Petite Ceinture, Paris, France

Abandoned rail tracks circle around the outer rim of central Paris.  Called the Petite Ceinture (“little belt”), the railway was built in 1852 to connect different railroad stations at the city limits and has been disused since the 1930s.  One of the tunnels that this railway runs through holds a hidden entrance to the vast network of the Parisian catacombs. 

 

Saint-Martin Station, Paris, France

The Saint-Martin station of the Paris Métro was shut down in September 1939, eight months before the German occupation of France.  The Parisian underground rail network is over 100 years old and has the most closely spaced stations in the world.  The closing of nonessential stations was a part of the plans drafted by the French government in case of invasion during the Second World War.  After the war ended, the Saint-Martin station was briefly reopened to showcase public advertising spaces in the metro that companies could buy.  The sample ads from 1948 still remain in good condition, because they were installed as reliefs in hand-painted ceramic tiles.  Companies would pay yearly to have their displays semi-permanently set on the walls.  In the present-day world where an average urban dweller is bombarded with thousands of marketing messages per day, handmade yearlong advertisements are unimaginable.  When rapidly changing commercial images saturate my mind to the point of rupture, I purge it in a place where ads have become mere historical artifacts. 

 

Freedom Tunnel, New York, NY, USA #1

In the 1930s, Robert Moses covered the New York Central Railroad line to expand and improve Riverside Park, creating a tunnel underneath.  With an increased use of cars and trucks for transportation, the tunnel was soon abandoned and became a haven for the homeless.  Hundreds of people moved into the tunnel and built their dwellings, creating underground communities.  In 1991, the tunnel was reopened for use by Amtrak, and the shantytown was bulldozed.  It is impossible to know what actually happened to all the evictees. 

The tunnel is called the Freedom Tunnel in reference to the graffiti artist “Freedom,” who created large murals in the eighties and the early nineties to commemorate the former residents.  The name may also imply the freedom one experienced in the tunnel—freedom from rent, freedom to paint, freedom from surveillance.  

 

Freedom Tunnel, New York, NY, USA #3

The Freedom Tunnel is a well-known tourist attraction among the underground travelers, such as urban explorers and graffiti writers.  To pay homage to Freedom’s murals from the eighties and the early nineties, graffiti writers from all over the world have put their marks in the tunnel.  Most murals and doodles are found under the ventilation ducts, from which natural light pours in, creating eerie spotlights for the underground gallery.

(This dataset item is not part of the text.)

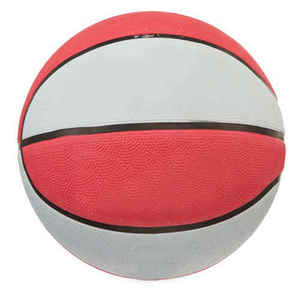 Pelota de baloncesto de nuevo estilo del fabricante superior, etiqueta personalizada de aire alto, hecha de cuero, goma, uso de entrenamiento de PVC, precio asequible - Product Image 2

Graffiti has lost the power it once had as a means of expression.  Nevertheless, I can understand why there are groups of young people who religiously follow the subversive lifestyle of a graffiti writer.  In Europe I met many art students who asked me if New Yorksubway cars were covered in graffiti as in the photos from the 1970s.  Every time the question made me smile as I gave a negative answer.  The New York downtown art scene from the seventies and the eighties has been romanticized by many young aspiring artists, writers, and musicians.  They dream of living in abandoned cast-iron lofts, painting in the streets and tunnels, making sculptures on empty piers, and nightly carousing in one of the four clubs where everybody is intimately acquainted with one another.

 

Michigan Theater, Detroit, MI, USA

The Michigan Theater must have been the most glorious movie palace when it was built in 1926.  Its seating capacity of 4,050 was not enough to accommodate the crowd on the opening night.  The lobby could hold as many as 1,000 people waiting for the next showing.  After being partially demolished in 1976, it is now used as a parking garage, with large parts of the remains barely intact. 

 

Michigan Central Station, Detroit, MI, USA

Detroit was once one of the wealthiest cities in the world with the rise of the American auto industry in the early 1900s.  Now, the population of the city is reduced to about half of what it was in 1950.  The desolation and poverty are plainly visible.  Every direction I turned, I saw an abandoned building from the Gilded Age.  The streets conjured up what I imagined New York’s SoHo or TriBeCa to have looked like in the 70’s.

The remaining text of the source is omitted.